We see in our system several times per day WAL files accumulating and using storage even though this are deleted and processed by Loki. We then need to restart Loki to clear these.
Sep 27 02:25:09 loki: level=info ts=2023-09-27T00:25:09.155276006Z caller=checkpoint.go:340 msg="attempting checkpoint for" dir=/srv/loki_wal/wal/checkpoint.031132 Sep 27 02:25:09 loki: level=info ts=2023-09-27T00:25:09.173460786Z caller=checkpoint.go:340 msg="attempting checkpoint for" dir=/srv/loki_wal/wal/checkpoint.031132 Sep 27 02:26:00 loki: level=info ts=2023-09-27T00:26:00.411291663Z caller=checkpoint.go:502 msg="atomic checkpoint finished" old=/srv/loki_wal/wal/checkpoint.031132.tmp new=/srv/loki_wal/wal/checkpoint.031132 Sep 27 02:26:00 loki: level=error ts=2023-09-27T00:26:00.65447823Z caller=checkpoint.go:617 msg="error checkpointing series" err="create new segment file: open /srv/loki_wal/wal/checkpoint.031132.tmp/00000002: no such file or directory"
The last line shows for every single checkpoint processed by Loki.

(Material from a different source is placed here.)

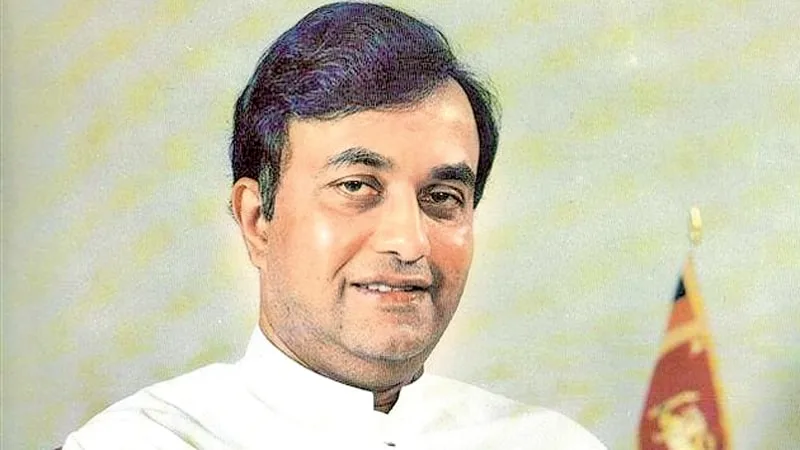 ඉරිදා දිවයින නිරිවත් කෙරේ-නවීන්ගෙන් සැර ප්‍රකාශයක්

Not all checkpoint files get ‘stuck’ though.
We then observe that the file remains open (along with the current checkpoint - checkpoint.031135) although it was removed/deleted by Loki:
[root@lokihost wal]# lsof | grep deleted | grep loki loki 13580 root 43w REG 253,10 536838144 25 /srv/loki_wal/wal/checkpoint.031132/00000001 (deleted) loki 13580 13588 root 10w REG 253,10 536870912 27 /srv/loki_wal/wal/checkpoint.031135/00000001 (deleted) <--- current WAL checkpoint
This is our configuration for the ingester:
ingester: lifecycler: address: 127.0.0.1 ring: kvstore: store: inmemory replication_factor: 1 final_sleep: 0s chunk_encoding: snappy chunk_retain_period: 10m chunk_idle_period: 24h chunk_target_size: 1572864 wal: enabled: true dir: /srv/loki_wal/wal checkpoint_duration: 1m replay_memory_ceiling: 7GB max_transfer_retries: 0
We also are running Loki with the same settings in other environments and we do not see that issue there.